Statistics and Python
I'm a big fan of Python and grew fond of its SciPy libraries during a statistics class. It provides lots of statistical functions which I'd like to demonstrate in this post using specific examples. There's also a good overview of all functions at the SciPy docs.
For all the scripts to run you'll need to import SciPy and NumPy, and also pylab for the drawings:
import numpy as np
from scipy import stats
import pylab
Calculating basic sample data parameters
Given some sample data, you'll often want to find out some general parameters. This is most easily done with stats.describe:
data = [4, 3, 5, 6, 2, 7, 4, 5, 6, 4, 5, 9, 2, 3]
stats.describe(data)
>>> n=14, minmax=(2, 9), mean=4.643, variance=3.786,
skewness=0.589, kurtosis=-0.048
Here we immediately get some important parameters:
- n, the number of data points
- minimal and maximal values
- mean (average)
- variance, how far the data is spread out
- skewness and kurtosis, two measures of how the data "looks like"
To get the median, we'll use numpy:
np.median(data)
>>> 4.5
IQR (Interquartile range, range where 50% of the data lies):
np.percentile(data, 75) - np.percentile(data, 25)
>>> 2.5
MAD (Median absolute deviation):
np.median(np.absolute(data - np.median(data)))
>>> 1.5
Linear regression
Let's have a look at some similar looking, flat rectangles:
The numbers near each rectangle represent height, width and area. Suppose we want to find the correlation between two data sets, for example the width of the rectangles in respect to their area, we could look at that data:
One way to do this is linear regression. For linear regression, SciPy offers stats.linregress. With some sample data you can calculate the slope and y-interception:
x = np.array([8, 7, 9, 5, 1, 6, 3, 2, 10, 11])
y = np.array([40, 35, 63, 20, 1, 24, 9, 4, 70, 99])

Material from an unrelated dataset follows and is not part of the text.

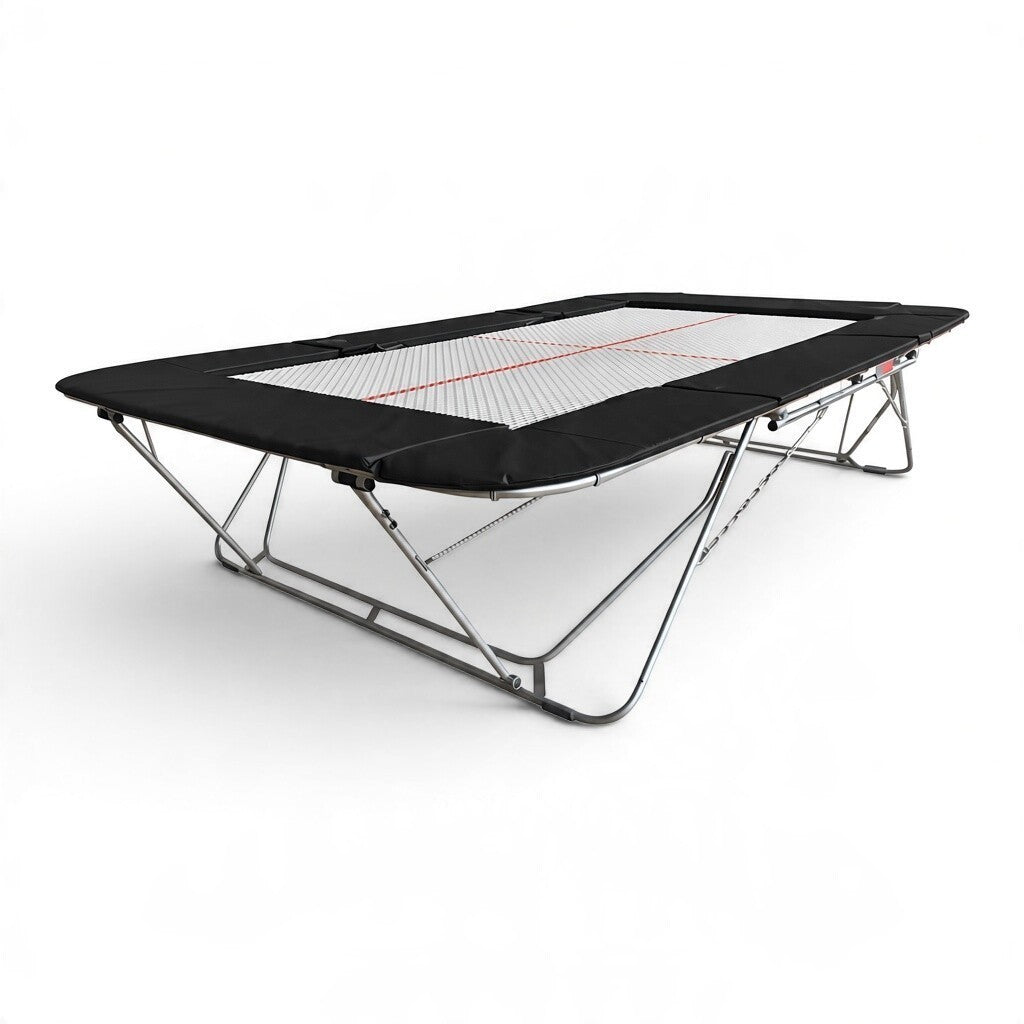 UK Gym Pits 77a standard competition trampoline with a 25mm white web bed and black protective frame pads.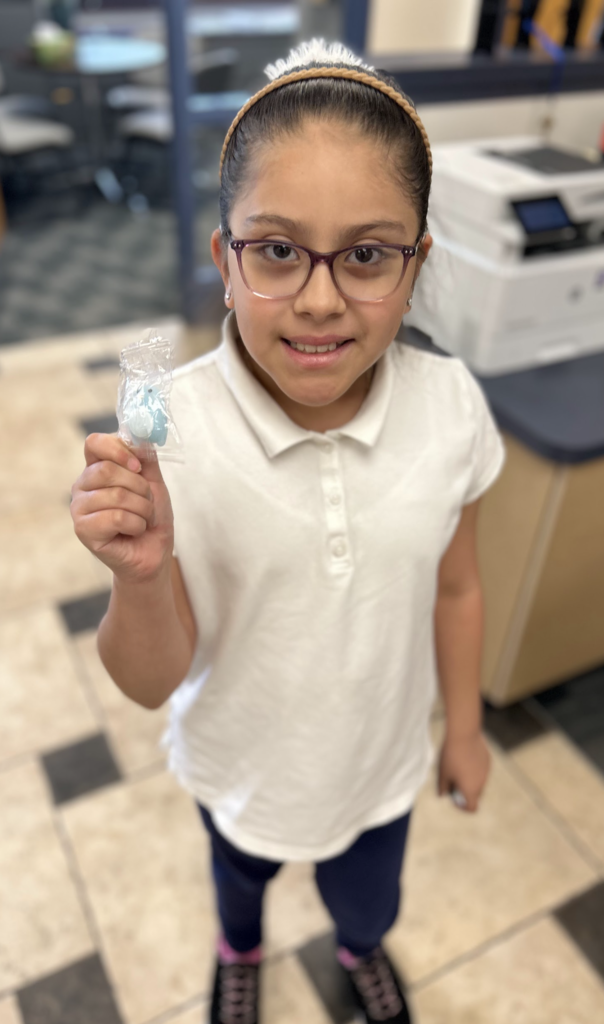A young girl with dark hair pulled back in a headband and wearing purple-rimmed glasses smiles at the camera. She is wearing a white short-sleeved polo shirt and dark pants. She holds up a small, light blue toy inside a clear plastic wrapper. The background features a tiled floor and a blurred office setting with a printer.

slope, intercept, r_val, p_val, std_err = stats.linregress(x, y)
print 'r value:', r_val
print 'y = ', slope, 'x + ', intercept
line = slope * x + intercept
pylab.plot(x, line, 'r-', x, y, 'o')
pylab.show()
The parameters for the function and also the Pearson coefficient are calculated:
>> y = 8.882x - 18.572
>> r value: 0.949
Combinatorics
Let's have a look at a some combinatorics functions.
For choosing 2 out of 20 items, there are 20*19 possible permutations (docs: scipy.special.perm).
For "from N choose k" we can use scipy.misc.comb. For example, if we have 20 elements and take 2 but don't consider the order (or regard them as set), this results in comb(20, 2).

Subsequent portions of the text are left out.